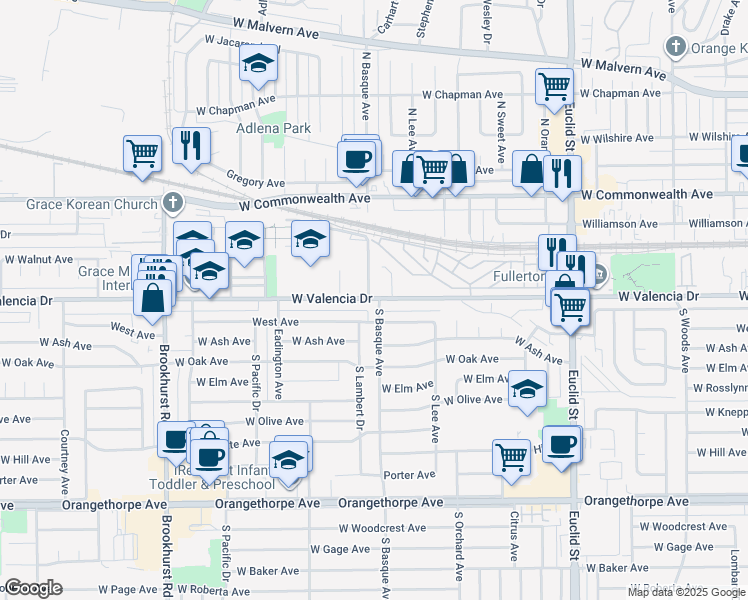 map of restaurants, bars, coffee shops, grocery stores, and more near 1401 West Valencia Drive in Fullerton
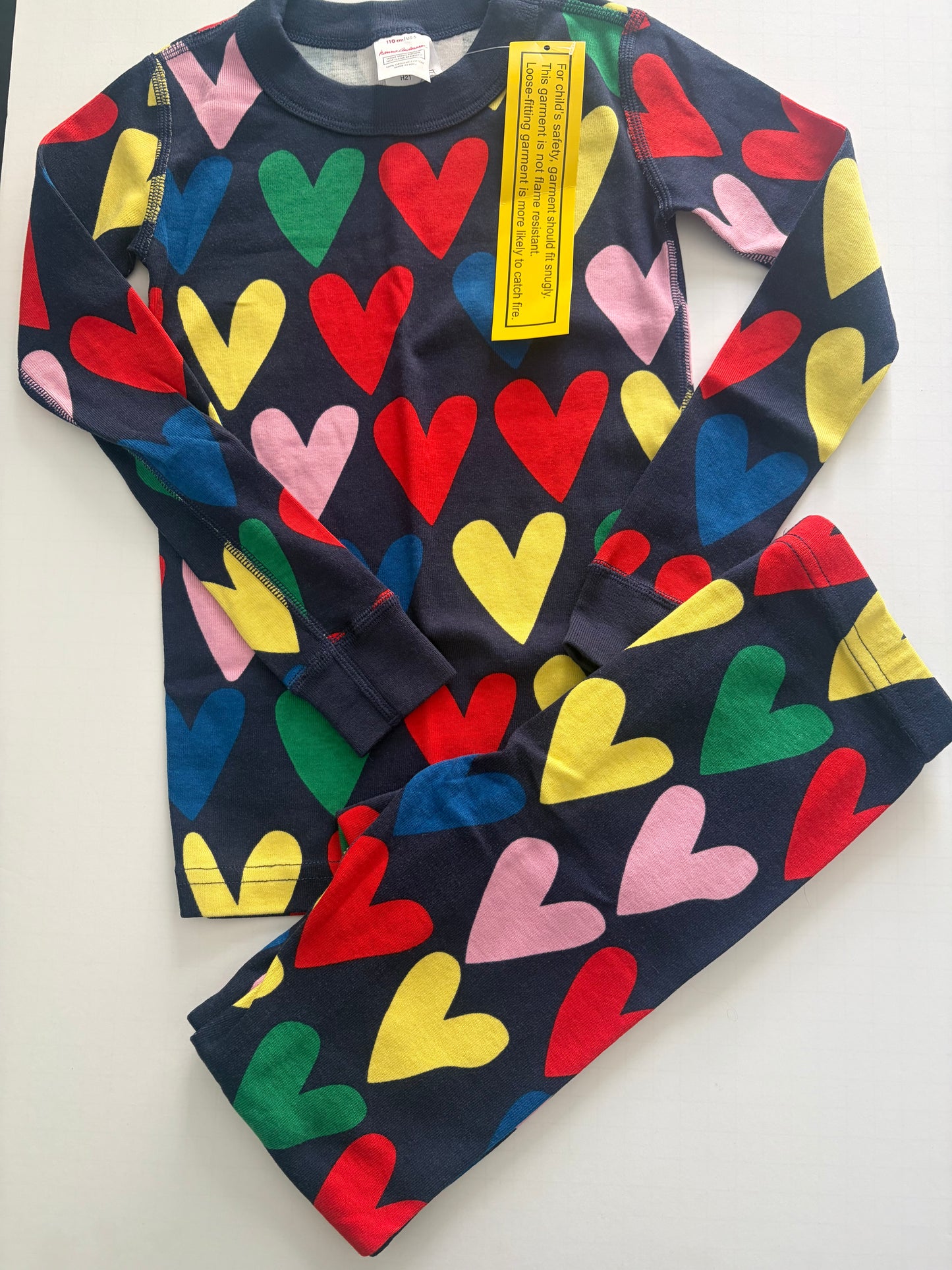 Seller #91 unisex size 5 Hanna Andersson hearts long john pajamas NWT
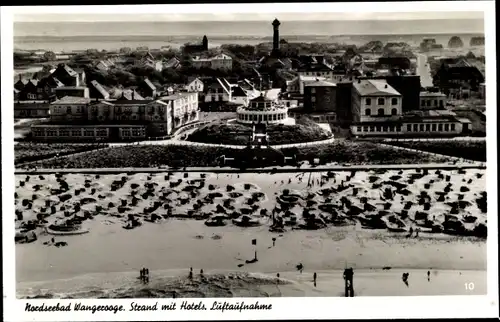 Ak Nordseebad Wangerooge in Ostfriesland, Strand, Hotels, Fliegeraufnahme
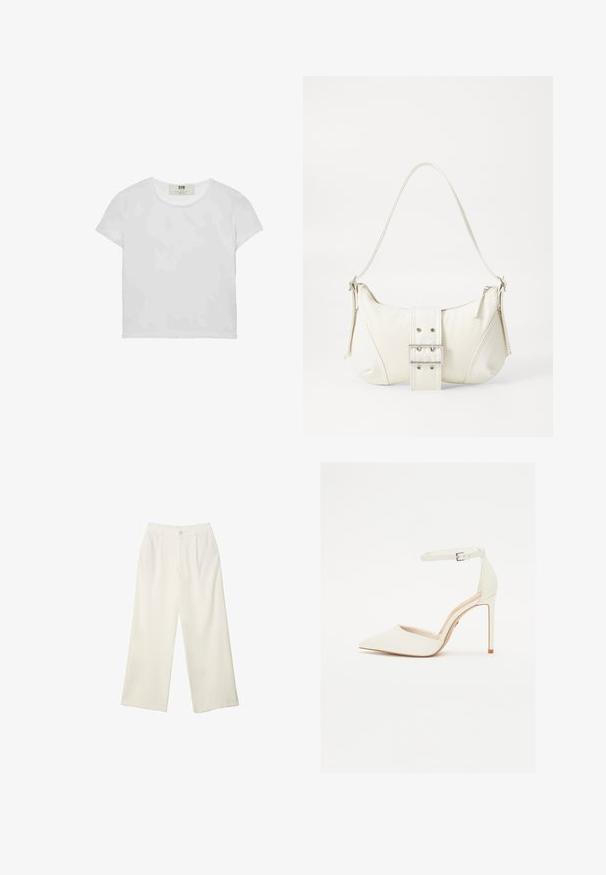 Bijela majica kratkih rukava s okruglim izrezom, izrađena od mekanog pamuka, s jednostavnim, čistim dizajnom bez vidljivih uzoraka ili akcenta.; Hlače širokih nogavica od kremaste tkanine s glatkom teksturom, s jednim prednjim gumbom, suptilnim plitvicama i visokim strukom.; Bijela kožna cipela s visokom petom, šiljastim nožnim dijelom i tankim remenom oko gležnja. Ima stiliziranu petu i minimalistički dizajn.; Bijela torbica s teksturiranim završetkom, središnjim detaljem kopče i zakrivljenim oblikom. Rajsferšlusi sa svake strane.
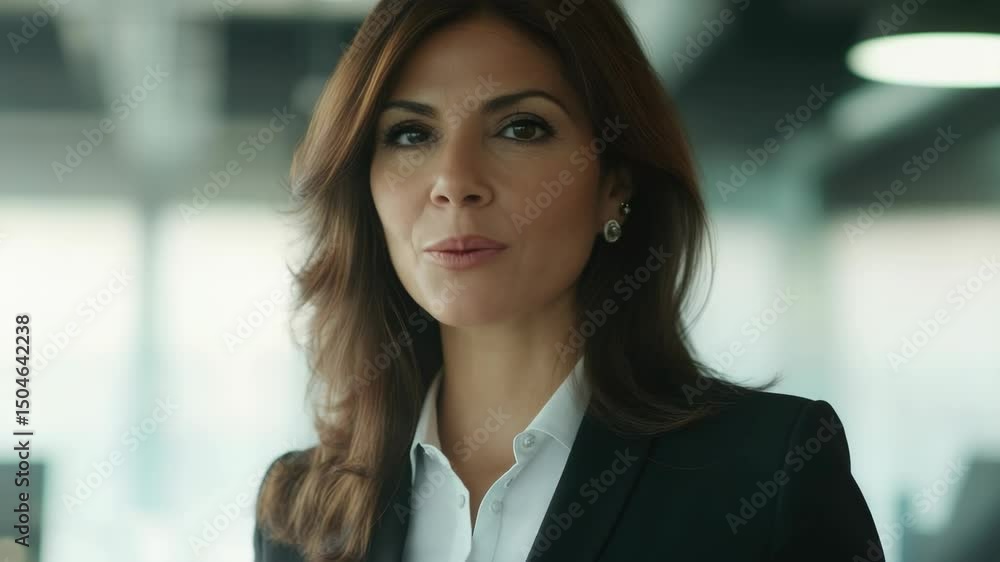 A confident businesswoman looking at the camera in an office environment. A confident businesswoman looking at the camera in an office environment.
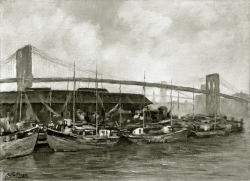 New York - Fotoplatte,  Ölgemälde, 1950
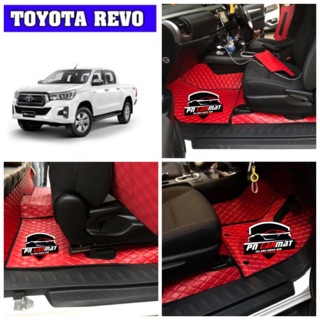 พรมปูพื้นรถยนต์ TOYOTA REVO (ลีโว้)ลายตาราง(มี 4ประตูและแคป) แถมฟรีแผ่นกันสึกพลาสติกอย่างดีมูลค่า250-.บาท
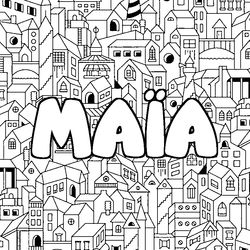 Coloraci&oacute;n del nombre MA&Iuml;A - decorado ciudad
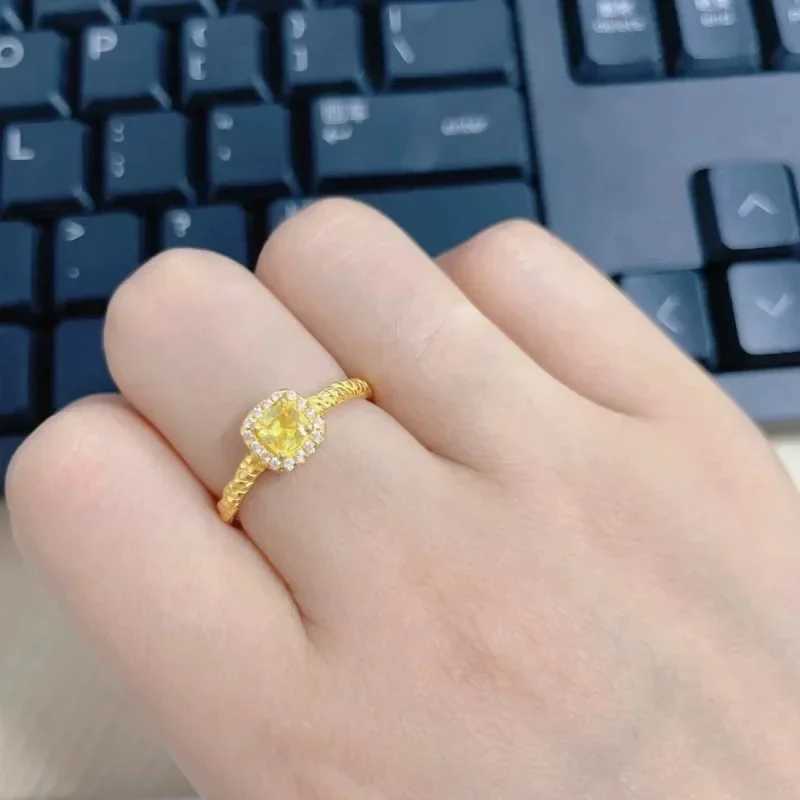 Real 18K Gold Ring Au750 Natural Citrine Zircon Sugar Ring for Wan Luxury Wedding Eternity Fine Jewelry X250220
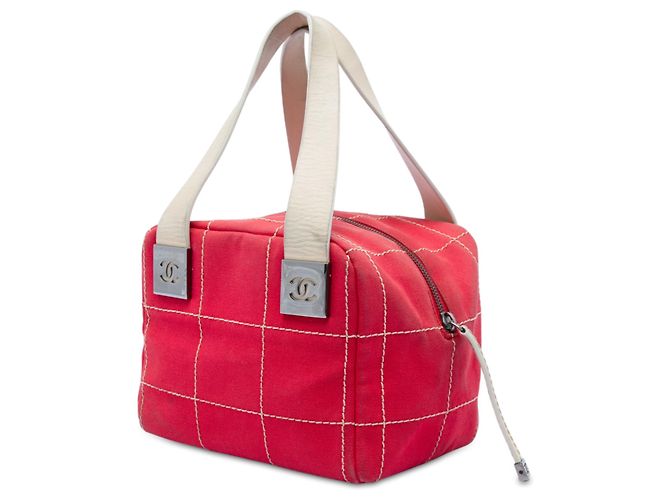 Borsa Chanel Red CC Chocolate Bar Canvas Wild Stitch Rosso - vista 2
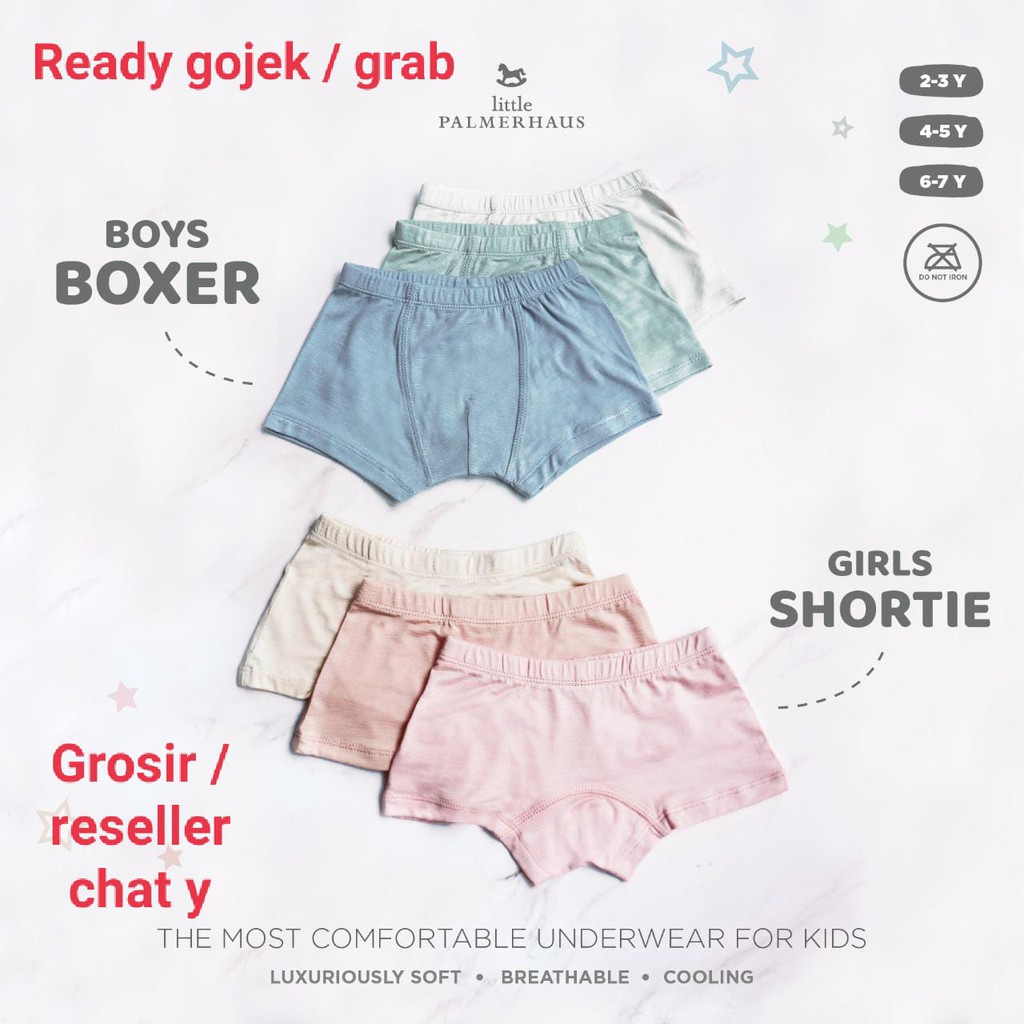 LITTLE PALMERHAUS BOYS BOXER GIRLS SHORTIE BRIEF BOY GIRL CELANA DALAM ANAK 2-7 Thn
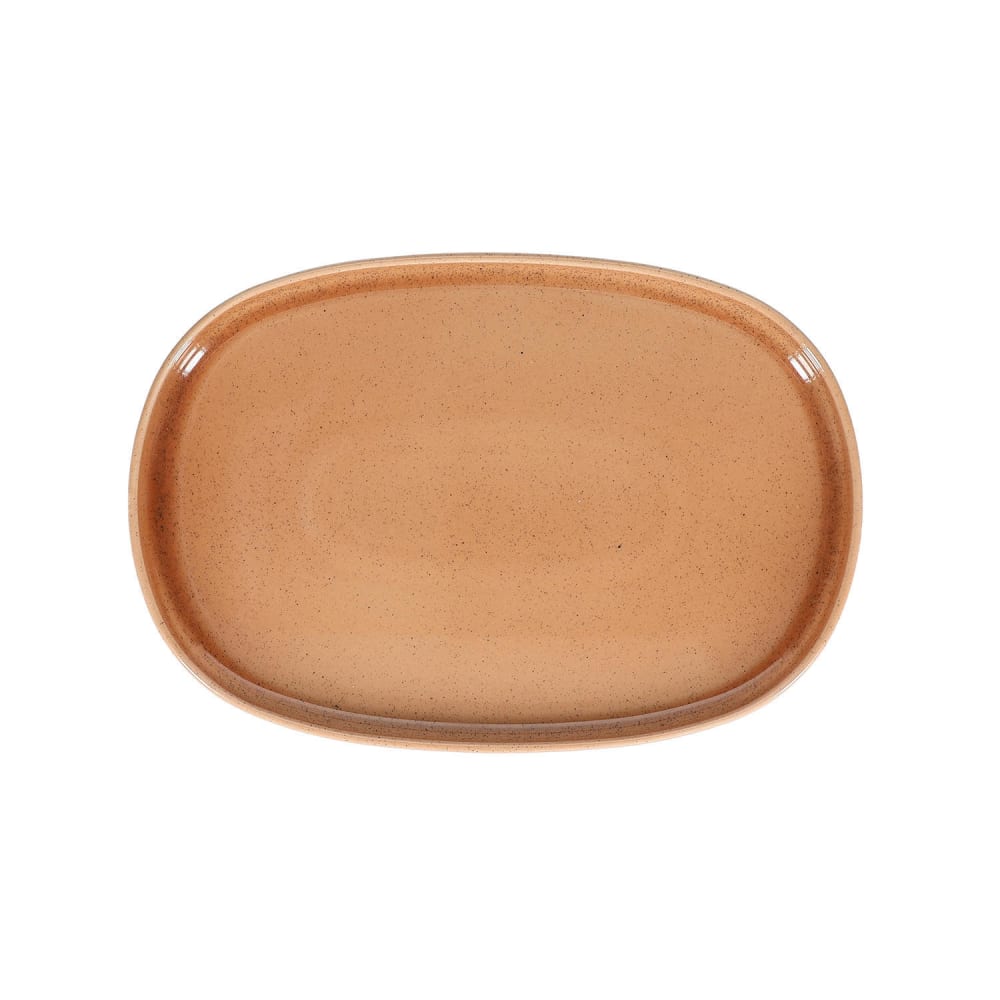 Lot de 2 plats de service orange en grès 33x22,5cm Lot de 2 plats de service orange en grès 33x22,5cm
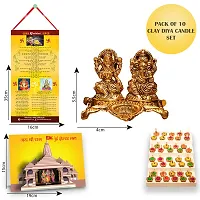 Gold-Toned Ganesha Laxmi with Diwali Aarti Scroll,3D Greeting Card,and 10 Diyas (Gift Pack of 13)-thumb1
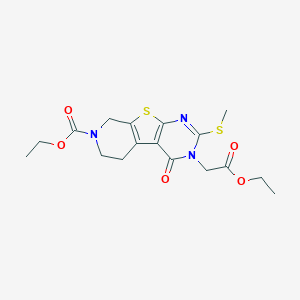 molecular formula C17H21N3O5S2 B259231 ethyl 3-(2-ethoxy-2-oxoethyl)-2-(methylsulfanyl)-4-oxo-3,5,6,8-tetrahydropyrido[4',3':4,5]thieno[2,3-d]pyrimidine-7(4H)-carboxylate 
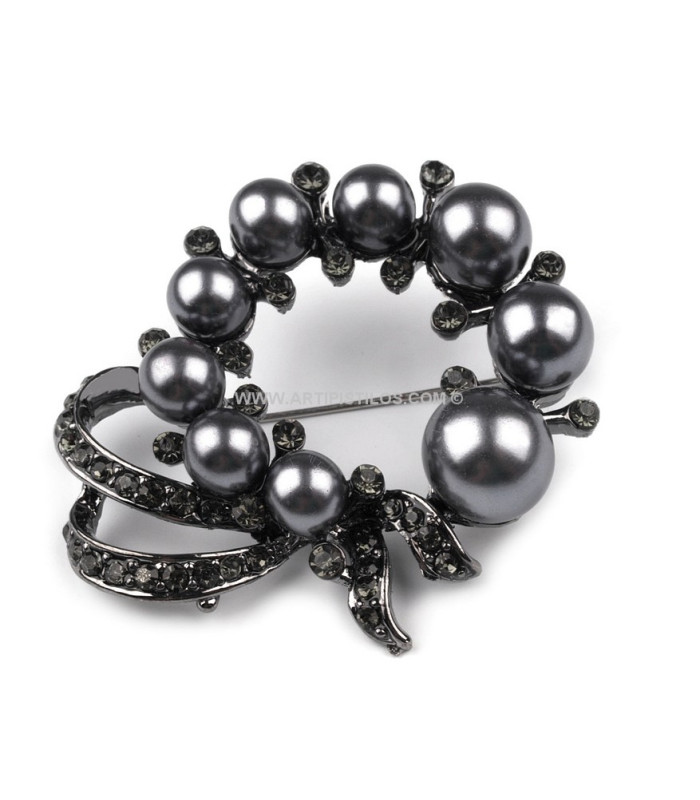 BROCHE FLOR PERLAS NEGRAS Y STRASS - Broches Decorativos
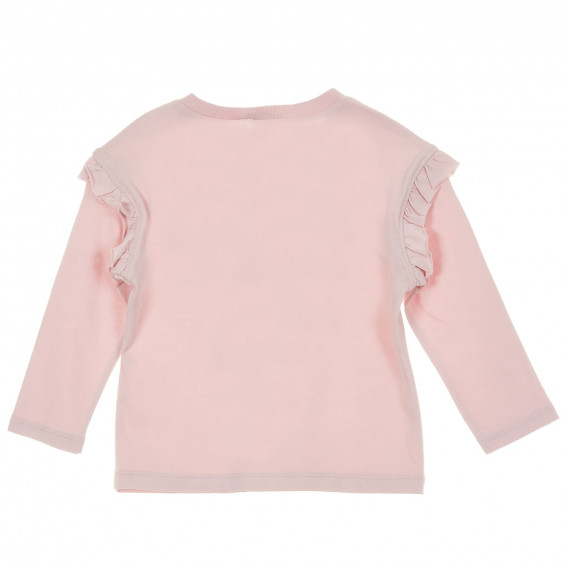 Памучна блуза с надпис Lovely, розова Benetton 217651 4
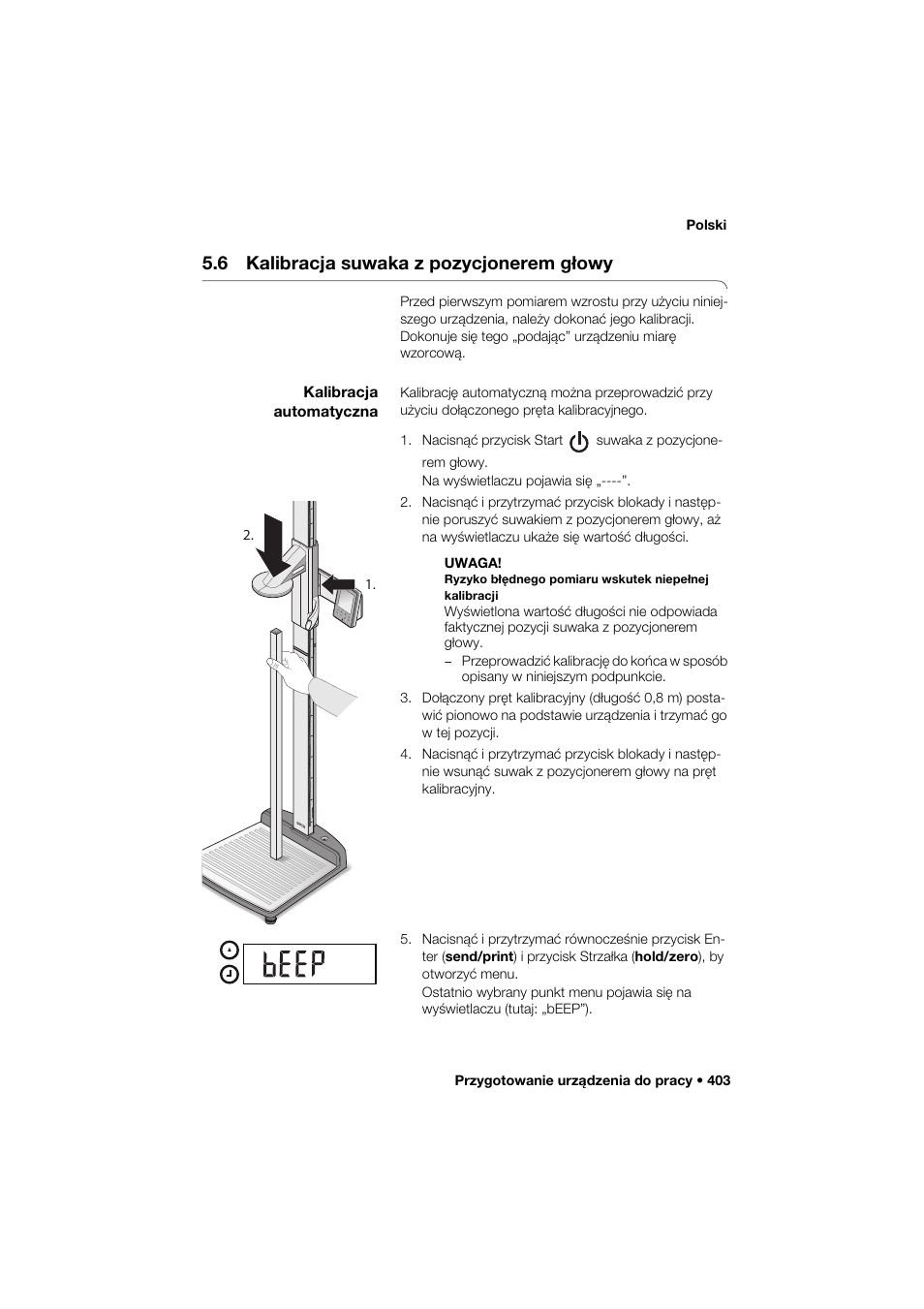 6 kalibracja suwaka z pozycjonerem głowy, Kalibracja automatyczna | Seca 285 User Manual | Page 403 / 451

:: Problem requirements ::
From the material above, reproduce only what runs from the line holding "Real 18K Gold" down to the line holding "Памучна блуза с", both included, pictures excluded.

:: Solution ::
 Real 18K Gold Ring Au750 Natural Citrine Zircon Sugar Ring for Wan Luxury Wedding Eternity Fine Jewelry X250220
 Borsa Chanel Red CC Chocolate Bar Canvas Wild Stitch Rosso - vista 2
 LITTLE PALMERHAUS BOYS BOXER GIRLS SHORTIE BRIEF BOY GIRL CELANA DALAM ANAK 2-7 Thn
 Lot de 2 plats de service orange en grès 33x22,5cm Lot de 2 plats de service orange en grès 33x22,5cm
 Gold-Toned Ganesha Laxmi with Diwali Aarti Scroll,3D Greeting Card,and 10 Diyas (Gift Pack of 13)-thumb1
 molecular formula C17H21N3O5S2 B259231 ethyl 3-(2-ethoxy-2-oxoethyl)-2-(methylsulfanyl)-4-oxo-3,5,6,8-tetrahydropyrido[4',3':4,5]thieno[2,3-d]pyrimidine-7(4H)-carboxylate 
 BROCHE FLOR PERLAS NEGRAS Y STRASS - Broches Decorativos
 Памучна блуза с надпис Lovely, розова Benetton 217651 4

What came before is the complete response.